Wyken Hall garden is open to visitors on weekdays between March and October. So is the vineyard. Better still, its excellent wines can be bought at the Leaping Hare Cafe, one of Suffolk’s best restaurants, and its too-tempting shop, near the house.
Bluebell Nursery and Arboretum had been on my must-visit list for far too long. Its name comes up so often when I look up anything woody and unusual. I wasn’t very clear where to find Ashby de la Zouch, alluring though it sounds; the answer is between Leicester and Burton on Trent, a part of the country I hardly know at all. Zouch, my screen tells me, derives from souche, a tree-stump. Could there once have been such a whopper there that they put in on the map? Or might it have had a less corporeal significance, as in The Noble Stem of Jesse?
What stands out in a garden on a first visit is above all the plan; it should be clear, and it should make you want to explore. Then it is all a matter of timing – and late September is very much between seasons. Early autumn colour was largely yellow, brightest in Cladrastris kentuckea (or lutea), the so-called Kentucky Coffee tree. Its little fragrant flowers alone hardly make it worth growing, but it can be a glowing golden beacon. Celastrus orbiculatus was almost equally bright, but I’m not sure the tall tree it was strangling would have been very keen. Red was provided mainly by berries. Every time I see the American Ilex verticillata I make another resolution to plant it. A deciduous holly doesn’t sound particularly tempting when we have so many evergreen kinds, but it carries masses of scarlet berries like few other shrubs.

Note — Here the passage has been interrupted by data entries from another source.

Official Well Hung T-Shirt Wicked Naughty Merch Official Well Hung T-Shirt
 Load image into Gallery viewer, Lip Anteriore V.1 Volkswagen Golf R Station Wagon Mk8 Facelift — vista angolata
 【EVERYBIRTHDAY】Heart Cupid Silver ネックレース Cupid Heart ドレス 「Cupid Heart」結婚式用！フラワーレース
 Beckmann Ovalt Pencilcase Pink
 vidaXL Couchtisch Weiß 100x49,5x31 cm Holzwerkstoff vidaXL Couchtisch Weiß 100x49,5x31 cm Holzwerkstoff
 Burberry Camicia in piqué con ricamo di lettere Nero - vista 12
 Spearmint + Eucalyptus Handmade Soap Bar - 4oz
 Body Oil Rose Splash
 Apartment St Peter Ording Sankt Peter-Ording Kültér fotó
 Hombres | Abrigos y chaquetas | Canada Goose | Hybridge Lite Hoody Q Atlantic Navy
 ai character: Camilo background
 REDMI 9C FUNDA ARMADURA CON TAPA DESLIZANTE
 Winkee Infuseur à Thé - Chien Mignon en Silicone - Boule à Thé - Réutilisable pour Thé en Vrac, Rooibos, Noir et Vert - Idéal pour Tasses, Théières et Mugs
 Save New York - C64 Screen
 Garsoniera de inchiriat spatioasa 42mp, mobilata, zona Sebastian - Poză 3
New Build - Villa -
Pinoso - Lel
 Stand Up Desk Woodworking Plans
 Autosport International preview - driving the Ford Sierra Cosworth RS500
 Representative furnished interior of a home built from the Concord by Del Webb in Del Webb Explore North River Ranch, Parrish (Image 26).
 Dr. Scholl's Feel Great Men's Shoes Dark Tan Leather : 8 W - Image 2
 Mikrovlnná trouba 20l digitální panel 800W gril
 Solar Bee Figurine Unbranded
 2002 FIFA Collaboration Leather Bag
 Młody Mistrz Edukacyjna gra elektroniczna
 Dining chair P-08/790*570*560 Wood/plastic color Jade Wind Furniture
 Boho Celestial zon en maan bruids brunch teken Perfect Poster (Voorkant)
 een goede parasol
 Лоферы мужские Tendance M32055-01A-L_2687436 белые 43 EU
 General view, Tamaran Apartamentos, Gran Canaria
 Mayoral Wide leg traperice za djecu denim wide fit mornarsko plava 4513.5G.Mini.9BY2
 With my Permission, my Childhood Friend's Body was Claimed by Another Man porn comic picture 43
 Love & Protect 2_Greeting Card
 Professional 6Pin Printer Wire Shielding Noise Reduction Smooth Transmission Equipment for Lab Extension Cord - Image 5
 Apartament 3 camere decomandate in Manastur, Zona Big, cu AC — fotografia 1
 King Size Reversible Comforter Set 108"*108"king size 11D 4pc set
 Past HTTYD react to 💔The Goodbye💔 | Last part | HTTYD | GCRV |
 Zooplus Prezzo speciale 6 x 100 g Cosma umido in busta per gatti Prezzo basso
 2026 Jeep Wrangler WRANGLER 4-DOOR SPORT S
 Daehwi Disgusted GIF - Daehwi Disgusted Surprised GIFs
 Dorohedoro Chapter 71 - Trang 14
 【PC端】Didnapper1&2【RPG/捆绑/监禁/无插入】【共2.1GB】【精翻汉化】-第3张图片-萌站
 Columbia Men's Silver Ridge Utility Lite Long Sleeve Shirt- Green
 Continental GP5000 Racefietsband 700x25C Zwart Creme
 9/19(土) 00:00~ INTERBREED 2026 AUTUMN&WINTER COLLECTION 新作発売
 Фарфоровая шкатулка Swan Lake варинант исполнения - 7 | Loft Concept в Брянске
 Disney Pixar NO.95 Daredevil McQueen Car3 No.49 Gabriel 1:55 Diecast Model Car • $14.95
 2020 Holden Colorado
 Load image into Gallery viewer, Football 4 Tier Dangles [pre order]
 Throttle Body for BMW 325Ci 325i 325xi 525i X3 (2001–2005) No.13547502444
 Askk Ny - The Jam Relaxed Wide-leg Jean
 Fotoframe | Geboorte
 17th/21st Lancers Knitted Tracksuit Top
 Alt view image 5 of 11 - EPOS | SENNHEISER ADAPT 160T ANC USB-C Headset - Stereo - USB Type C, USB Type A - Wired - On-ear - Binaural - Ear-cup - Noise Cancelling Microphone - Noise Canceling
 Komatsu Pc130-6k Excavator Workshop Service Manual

Two generations of Robert Vernons have created first the garden and nursery, then an expanding arboretum. I asked ‘young’ Robert why here. ‘Needs must’, he said. The site they were hoping to buy was sold for housing. Ideal this is not. Open soil and good drainage are , you would think, the first requirements. How encouraging it is to see how many things are thriving on stodgy clay with only shallow trenches for drainage. The secret, of course is in sensitive and specific cultivation; the excellent labelling includes notes on their different mulches and when they are applied. There was a pungent smell of spent hopes from a local brewery in the air.
The garden is mature, personal and intimate, a meandering journey through a deeply interesting collection of trees, shrubs and generous clumps of perennials. The eyecatchers, of course, in September were hydrangeas; even the fading panicles of Hydrangea paniculata are graceful and full of light. Anyone would be tempted. ‘Do your customers know what they are looking for?’ I asked Jason, the manager. ‘A few’, he answered. ‘The trouble is they expect big plants, but we can’t grow fields of rareties. They can be a bit crestfallen when they wait a year and then are given what looks like a stick in a pot’.